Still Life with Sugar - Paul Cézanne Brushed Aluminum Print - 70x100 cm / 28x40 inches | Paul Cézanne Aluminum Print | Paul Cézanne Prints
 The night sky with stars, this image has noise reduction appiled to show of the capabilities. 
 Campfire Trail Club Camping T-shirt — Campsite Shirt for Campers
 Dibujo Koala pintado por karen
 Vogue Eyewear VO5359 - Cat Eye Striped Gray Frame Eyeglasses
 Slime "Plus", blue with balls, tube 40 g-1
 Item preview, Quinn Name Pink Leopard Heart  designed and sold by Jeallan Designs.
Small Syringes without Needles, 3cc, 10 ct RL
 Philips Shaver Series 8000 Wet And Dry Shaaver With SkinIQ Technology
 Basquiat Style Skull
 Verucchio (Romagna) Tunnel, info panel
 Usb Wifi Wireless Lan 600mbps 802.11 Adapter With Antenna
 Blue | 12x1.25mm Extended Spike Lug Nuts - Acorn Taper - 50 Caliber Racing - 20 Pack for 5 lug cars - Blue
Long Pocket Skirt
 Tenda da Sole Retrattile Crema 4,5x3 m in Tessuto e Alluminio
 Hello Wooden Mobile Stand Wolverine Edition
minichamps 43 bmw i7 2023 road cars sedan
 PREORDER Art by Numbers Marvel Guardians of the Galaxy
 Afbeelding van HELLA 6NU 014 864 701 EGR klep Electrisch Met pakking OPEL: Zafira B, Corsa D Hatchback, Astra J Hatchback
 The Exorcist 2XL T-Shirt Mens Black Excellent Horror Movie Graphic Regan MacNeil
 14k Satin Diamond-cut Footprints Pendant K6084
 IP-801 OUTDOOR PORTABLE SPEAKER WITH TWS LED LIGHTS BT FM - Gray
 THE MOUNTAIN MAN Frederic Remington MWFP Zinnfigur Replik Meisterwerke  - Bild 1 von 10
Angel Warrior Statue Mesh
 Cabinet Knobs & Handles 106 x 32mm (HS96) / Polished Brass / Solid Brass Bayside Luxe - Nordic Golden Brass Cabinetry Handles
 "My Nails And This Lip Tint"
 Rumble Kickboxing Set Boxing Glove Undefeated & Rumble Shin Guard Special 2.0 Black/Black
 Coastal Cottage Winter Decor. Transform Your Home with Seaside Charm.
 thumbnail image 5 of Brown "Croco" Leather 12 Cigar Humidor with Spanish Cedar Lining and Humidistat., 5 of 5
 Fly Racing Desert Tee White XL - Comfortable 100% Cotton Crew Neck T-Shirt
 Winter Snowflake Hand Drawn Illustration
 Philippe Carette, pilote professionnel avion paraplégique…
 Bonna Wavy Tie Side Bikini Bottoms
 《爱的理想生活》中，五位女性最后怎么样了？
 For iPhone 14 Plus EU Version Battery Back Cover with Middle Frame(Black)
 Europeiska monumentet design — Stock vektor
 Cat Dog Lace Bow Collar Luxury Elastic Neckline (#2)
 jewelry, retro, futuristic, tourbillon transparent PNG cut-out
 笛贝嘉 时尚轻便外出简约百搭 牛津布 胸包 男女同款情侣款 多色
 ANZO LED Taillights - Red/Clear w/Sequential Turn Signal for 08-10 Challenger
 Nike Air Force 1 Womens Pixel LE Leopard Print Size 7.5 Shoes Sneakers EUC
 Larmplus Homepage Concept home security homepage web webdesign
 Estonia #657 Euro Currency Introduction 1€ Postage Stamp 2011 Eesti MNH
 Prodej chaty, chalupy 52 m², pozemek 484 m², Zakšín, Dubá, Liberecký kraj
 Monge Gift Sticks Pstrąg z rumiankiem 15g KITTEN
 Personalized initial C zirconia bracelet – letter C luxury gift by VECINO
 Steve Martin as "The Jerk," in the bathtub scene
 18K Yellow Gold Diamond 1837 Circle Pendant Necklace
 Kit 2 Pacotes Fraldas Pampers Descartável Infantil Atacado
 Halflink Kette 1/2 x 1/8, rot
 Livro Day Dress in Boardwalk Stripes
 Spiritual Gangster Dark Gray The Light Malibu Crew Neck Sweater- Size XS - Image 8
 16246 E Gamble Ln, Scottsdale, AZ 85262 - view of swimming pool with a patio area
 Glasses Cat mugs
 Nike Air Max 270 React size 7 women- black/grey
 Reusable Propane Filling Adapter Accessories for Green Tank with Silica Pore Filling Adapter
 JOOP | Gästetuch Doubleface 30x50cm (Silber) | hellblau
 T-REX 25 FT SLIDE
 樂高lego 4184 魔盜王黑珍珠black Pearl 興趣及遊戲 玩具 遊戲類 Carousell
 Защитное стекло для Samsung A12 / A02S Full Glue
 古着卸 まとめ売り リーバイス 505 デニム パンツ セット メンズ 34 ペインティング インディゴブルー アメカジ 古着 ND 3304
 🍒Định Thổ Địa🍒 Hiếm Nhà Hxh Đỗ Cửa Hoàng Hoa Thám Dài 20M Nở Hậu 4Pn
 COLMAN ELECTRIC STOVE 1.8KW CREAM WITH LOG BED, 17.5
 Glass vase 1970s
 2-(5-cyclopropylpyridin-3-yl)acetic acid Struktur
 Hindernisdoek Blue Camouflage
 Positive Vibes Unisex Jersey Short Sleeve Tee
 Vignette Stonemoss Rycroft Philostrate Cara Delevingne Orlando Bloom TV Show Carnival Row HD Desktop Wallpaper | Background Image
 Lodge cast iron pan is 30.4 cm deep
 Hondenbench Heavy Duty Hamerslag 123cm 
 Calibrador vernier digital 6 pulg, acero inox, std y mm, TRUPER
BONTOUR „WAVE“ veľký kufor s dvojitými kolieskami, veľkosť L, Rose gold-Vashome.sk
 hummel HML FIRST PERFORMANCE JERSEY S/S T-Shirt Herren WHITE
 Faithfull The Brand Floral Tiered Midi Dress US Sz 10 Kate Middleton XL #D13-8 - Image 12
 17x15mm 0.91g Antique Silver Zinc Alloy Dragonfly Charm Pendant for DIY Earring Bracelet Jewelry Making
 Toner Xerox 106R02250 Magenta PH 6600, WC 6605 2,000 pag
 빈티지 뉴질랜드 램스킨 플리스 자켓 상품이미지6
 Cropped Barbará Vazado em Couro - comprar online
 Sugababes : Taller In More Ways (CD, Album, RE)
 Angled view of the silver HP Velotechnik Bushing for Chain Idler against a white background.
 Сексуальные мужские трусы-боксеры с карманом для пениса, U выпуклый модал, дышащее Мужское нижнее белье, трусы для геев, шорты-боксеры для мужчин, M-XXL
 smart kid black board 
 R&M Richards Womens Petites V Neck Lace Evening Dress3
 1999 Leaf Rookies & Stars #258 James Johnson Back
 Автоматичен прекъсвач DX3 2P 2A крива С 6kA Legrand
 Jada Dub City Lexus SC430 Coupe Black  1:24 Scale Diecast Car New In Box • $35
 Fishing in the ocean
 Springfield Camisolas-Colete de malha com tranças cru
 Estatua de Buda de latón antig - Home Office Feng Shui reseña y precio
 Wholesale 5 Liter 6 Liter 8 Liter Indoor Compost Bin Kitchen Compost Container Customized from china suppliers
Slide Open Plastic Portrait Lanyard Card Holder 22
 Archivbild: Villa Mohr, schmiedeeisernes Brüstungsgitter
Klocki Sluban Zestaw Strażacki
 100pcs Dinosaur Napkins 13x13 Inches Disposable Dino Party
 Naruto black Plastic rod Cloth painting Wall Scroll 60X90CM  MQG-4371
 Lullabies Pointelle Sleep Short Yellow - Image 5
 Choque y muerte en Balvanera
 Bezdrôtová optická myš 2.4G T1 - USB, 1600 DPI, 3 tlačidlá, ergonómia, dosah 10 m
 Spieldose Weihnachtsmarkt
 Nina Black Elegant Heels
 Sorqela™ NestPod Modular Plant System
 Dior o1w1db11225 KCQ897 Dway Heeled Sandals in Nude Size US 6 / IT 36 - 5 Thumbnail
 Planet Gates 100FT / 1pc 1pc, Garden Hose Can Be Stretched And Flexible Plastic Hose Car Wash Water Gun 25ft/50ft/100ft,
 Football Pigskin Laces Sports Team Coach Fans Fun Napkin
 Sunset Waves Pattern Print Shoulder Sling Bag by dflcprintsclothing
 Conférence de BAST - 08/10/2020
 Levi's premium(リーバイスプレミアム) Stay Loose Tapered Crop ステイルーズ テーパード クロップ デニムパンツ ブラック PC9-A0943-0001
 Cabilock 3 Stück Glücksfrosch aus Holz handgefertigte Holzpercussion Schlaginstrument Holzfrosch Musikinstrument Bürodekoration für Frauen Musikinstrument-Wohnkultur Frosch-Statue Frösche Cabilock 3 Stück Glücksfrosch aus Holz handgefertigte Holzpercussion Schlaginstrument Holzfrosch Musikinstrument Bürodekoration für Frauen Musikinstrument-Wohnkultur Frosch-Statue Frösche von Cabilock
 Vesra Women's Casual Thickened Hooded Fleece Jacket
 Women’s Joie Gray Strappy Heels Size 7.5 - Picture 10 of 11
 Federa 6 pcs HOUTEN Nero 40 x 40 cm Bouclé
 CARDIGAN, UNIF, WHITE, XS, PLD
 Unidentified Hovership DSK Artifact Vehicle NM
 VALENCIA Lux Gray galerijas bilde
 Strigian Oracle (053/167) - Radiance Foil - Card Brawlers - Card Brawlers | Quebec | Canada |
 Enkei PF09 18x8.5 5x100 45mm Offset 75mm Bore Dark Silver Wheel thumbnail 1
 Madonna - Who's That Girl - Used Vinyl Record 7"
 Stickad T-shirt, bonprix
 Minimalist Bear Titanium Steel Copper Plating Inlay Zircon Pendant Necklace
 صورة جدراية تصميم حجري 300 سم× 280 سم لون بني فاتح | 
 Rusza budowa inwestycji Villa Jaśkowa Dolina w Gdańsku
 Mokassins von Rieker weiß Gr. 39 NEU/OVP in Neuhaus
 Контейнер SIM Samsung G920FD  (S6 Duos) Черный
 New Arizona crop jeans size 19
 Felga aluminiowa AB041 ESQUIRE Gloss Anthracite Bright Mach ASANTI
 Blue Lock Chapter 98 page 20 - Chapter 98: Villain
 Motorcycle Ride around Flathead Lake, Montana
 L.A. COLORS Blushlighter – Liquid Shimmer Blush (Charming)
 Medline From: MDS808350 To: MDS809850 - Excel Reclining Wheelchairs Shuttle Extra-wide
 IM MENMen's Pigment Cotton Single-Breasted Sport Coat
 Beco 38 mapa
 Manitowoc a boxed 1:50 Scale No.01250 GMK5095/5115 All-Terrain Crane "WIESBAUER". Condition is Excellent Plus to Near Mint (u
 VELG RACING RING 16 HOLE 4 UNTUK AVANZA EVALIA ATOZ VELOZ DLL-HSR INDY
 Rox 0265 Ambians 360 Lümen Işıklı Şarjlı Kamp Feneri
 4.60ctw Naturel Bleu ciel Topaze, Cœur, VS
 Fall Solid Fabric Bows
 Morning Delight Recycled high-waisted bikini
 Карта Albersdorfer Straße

----

■ EXERCISE GOAL
Each line in the listing that contains "Diamond" should be returned.

■ TASK ANSWER
 14k Satin Diamond-cut Footprints Pendant K6084
 18K Yellow Gold Diamond 1837 Circle Pendant Necklace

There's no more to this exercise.